### MATERIAL FOR THIS EXERCISE ###

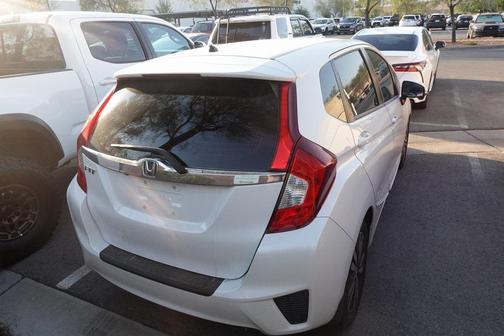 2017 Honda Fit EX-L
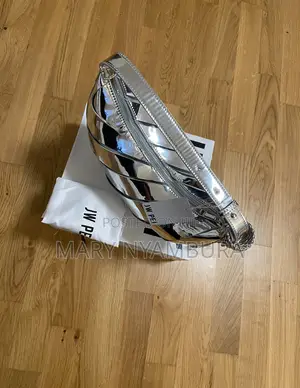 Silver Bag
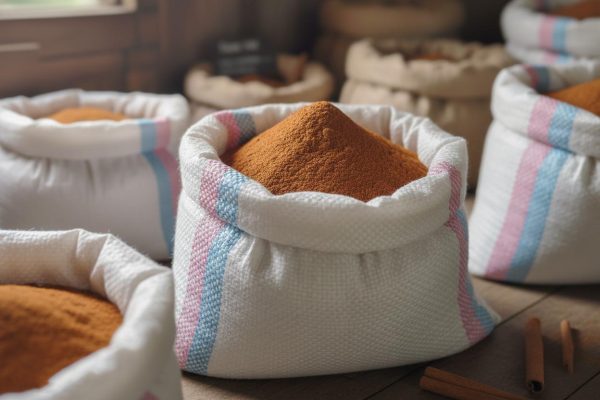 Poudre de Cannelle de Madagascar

###
### MATERIAL FOR THIS EXERCISE ###

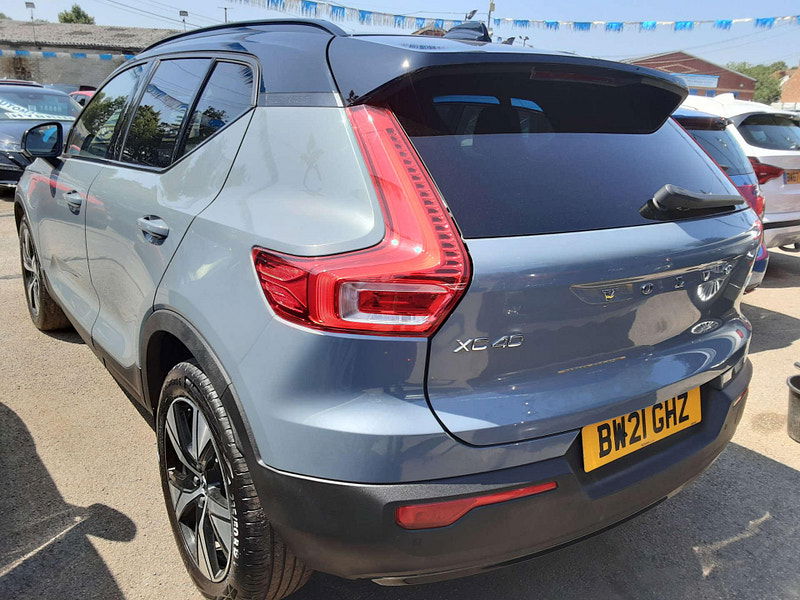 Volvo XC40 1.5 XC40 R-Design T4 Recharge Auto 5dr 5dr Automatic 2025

###
### MATERIAL FOR THIS EXERCISE ###

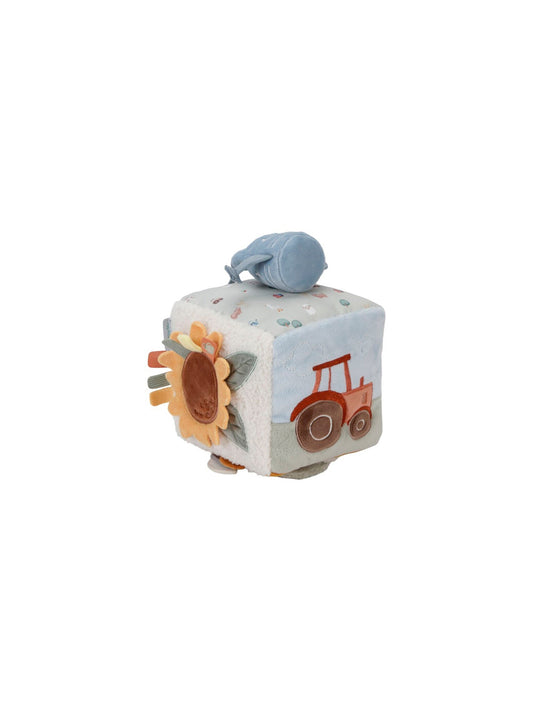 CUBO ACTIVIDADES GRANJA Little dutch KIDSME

###

■ EXERCISE BRIEF: Reproduce exactly the lines of the data above that run from the line with "2017 Honda Fit EX-L" down to the line with "Poudre de Cannelle de Madagascar", both ends included. Pictures do not belong in the copy.

■ RESPONSE AREA:
 2017 Honda Fit EX-L
 Silver Bag
 Poudre de Cannelle de Madagascar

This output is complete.